But even if you watch old movies, there were no bald ones at 20.
The same can be said for today.. c'mon man, the better looking people are more likely to be selected to star in movies. That's why it seems there's more cases. Baldies are selected to play the role of villain or loser characters. Characters in 20's won't be chosen for a movie if they have pre mature balding in any cinematic era.
I do not argue that testosterone harms or does not harm hair. I see that my hrt (ESTRO, DUTA, PROGEST) works too. But how then to comment on this?
https://www.hairloss-research.org/UpdateTestosterone4-10.html
https://www.hairlosstalk.com/interact/threads/a-closer-look-at-b-p-h-prostate-cancer.45227/
especially the first link
It makes total sense to me that there is a correlation between higher T and lower DHT.. look, T turns into DHT, when T turns into DHT then of course T is lowered. If there's lower 5ar then there's also higher T. finasteride and dutasteride increase T through that way and they are clinical approved for hairloss.. That does not mean that T is good for hair. Raising T through the lowering of DHT is good for hair because DHT is stronger than T and despite the increase of T, you are in a better position than where you were before.
high DHT, low T= bad for hair, low DHT, high T= better, low T, low DHT, high E= good
Regarding the second link. Its saying that estradiol has some effect on prostate proliferation and could make prostate cancer worse? Macho grande was trying to argue estrogen as the main culprit. Bryan posted one study which was a counterpoint:
"Estrogen reduction by aromatase inhibition for benign prostatic hyperplasia: results of a double-blind, placebo-controlled, randomized clinical trial using two doses of the aromatase-inhibitor atamestane."
Radlmaier A, Eickenberg HU, Fletcher MS, Fourcade RO, Reis Santos JM, van Aubel OG, Bono AV.
Department of Clinical Development Oncology, Schering AG, Berlin, Germany.

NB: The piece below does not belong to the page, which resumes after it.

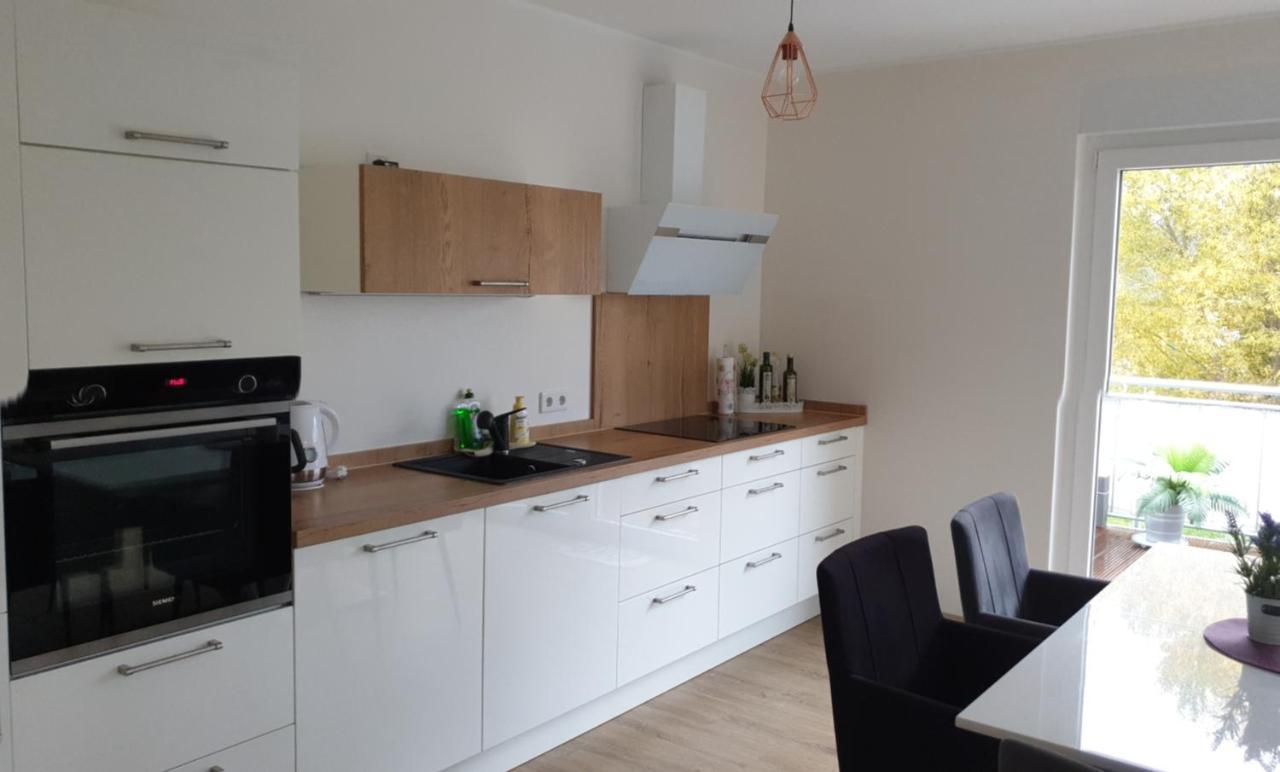 Ferienwohnung Selina Losheim am See Exterior foto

BACKGROUND: The concept of estrogen withdrawal by an aromatase inhibitor in the treatment of benign prostatic hyperplasia (BPH) was assessed in a prospective, randomized, double-blind, placebo-controlled multicenter trial. METHODS: Two hundred and ninety-two patients with clinical symptoms of BPH were randomly allocated to one of the following treatments for 48 weeks: placebo or the selective aromatase inhibitor, atamestane, at a daily dose of 100 mg or 300 mg. Both doses of atamestane significantly reduced serum concentrations of estradiol and estrone, and produced a slight, dose-dependent, counter-regulatory increase in peripheral androgen concentration. RESULTS: Clinical symptoms improved during treatment in all three groups. Even after 48 weeks, the effect of active treatment did not exceed the effect seen with placebo. Overall tolerance of 100 mg atamestane was excellent, but 300 mg showed a slightly increased incidence of side effects compared with placebo. CONCLUSIONS:
The conclusion from this study is that the reduction in estrogen concentration using the selective aromatase inhibitor atamestane has no effect on clinically established BPH.
Still the thread seemed to show that estradiol can maintain some prostate size, which I'm honestly glad, cause I don't want to have any T or DHT and it'd probably be disastrous if the prostate shrunk to nothing.. And obviously DHT is way worse for prostate, cause finasteride and dutasteride are drugs used to treat BPH, despite the fact that they raise estradiol to some degree.
Can progesterone be used instead of cyproterone, for example, utrogestan 100 mg 1 tablet 2 times a week? will he work like tsiproteron?
Progesterone doesn't have all the same effects of cypro. Progesterone doesn't block the androgen receptor. High amounts should have some antigonadotrophin abilities through PR activation such as cypro does. But cypro can do this with much lower amounts cause its really alot stronger. Progesterone is good, to lower 5ar since it utilizes to make neurosteriods. Something which cypro doesn't do.
And of course progesterone is safer.
You couldn't replace totally cypro with progesterone alone and you'd need more than 2 tablets a week.. I think taking some spironolactone to block receptor, high amounts of P and a little E would give a sorta similar replacement. (blocked receptor + Anti-gnhr + PR activation).
Can progesterone completely replace estradiol? Will there be osteoporosis?
No, it can't. We need estradiol to maintain bones. even men with high amounts of T but take aromatase inhibitors like letro get bone and joint problems.. unless you can guareentee enough P turns into E, it can't replace. Also, estradiol is a strong anti-gonadotrophin.